浜名湖は、日本のほぼ中央に位置し、湖面の大きさで見ると日本では10番目の湖である。そして、日本最大の標高を誇る美しい山、富士山を有する静岡県にある。

静岡県は四季のある日本においても、比較的一年中温暖な気候として知られ、北側には高い山が連なり、南側は太平洋に面し、白く長い砂浜が続いている。   古来、多くの人々の往来があり、特にいにしえの情景は歌としても残されている。
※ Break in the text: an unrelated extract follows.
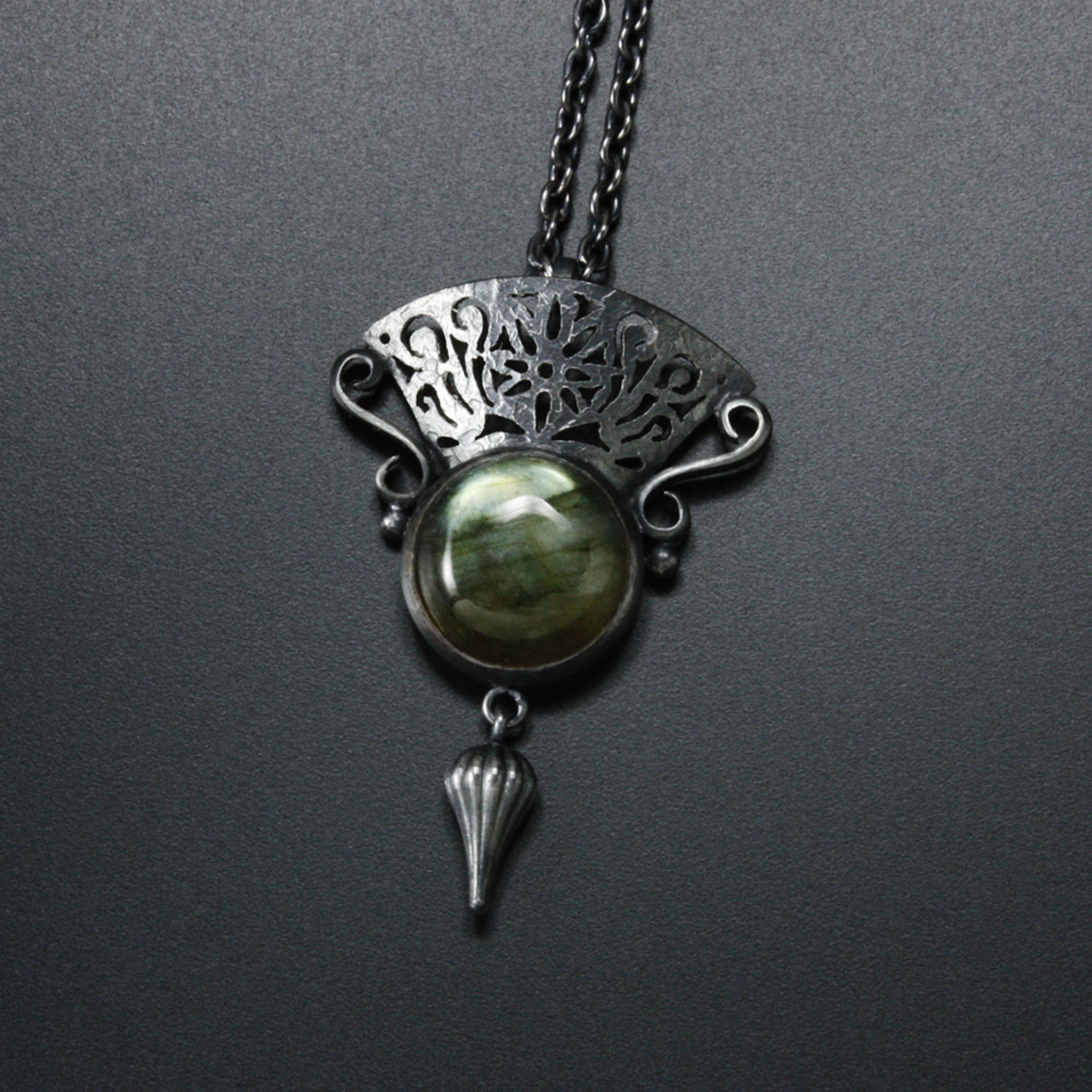 Green labradorite goth pendant necklace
そして経済的にも文化的にも日本の発展に大きく寄与した土地柄である。

この土地柄に関心を持った時、不思議に思う事だが、なぜ、浜名湖周辺から中世においては徳川家康豊臣秀吉のような、先を見通した傑出した指導者が育ったのか、また、近世に於いてはトヨタホンダスズキヤマハ(敬称略)等のような世界企業が生まれたのか、不思議でならなかった。

 それぞれの伝記等を探ると、大きく浜名湖周辺の土地柄が関わっていたように思えるが、今となっては、その真意を知ることは出来ない。 しかし、現在まで過ぎ去ってきた歴史は動かせない事実であり、そこには夢や希望を満たす“浜名湖ロマン”の存在を感ぜずにはいられない。 では東海の地形から生まれる幻想的な結びつきの話、世界一の湖としての浜名湖事実とともに浜名湖ロマンを感じて下さい。

浜名湖新伝説(浜名湖ロマン)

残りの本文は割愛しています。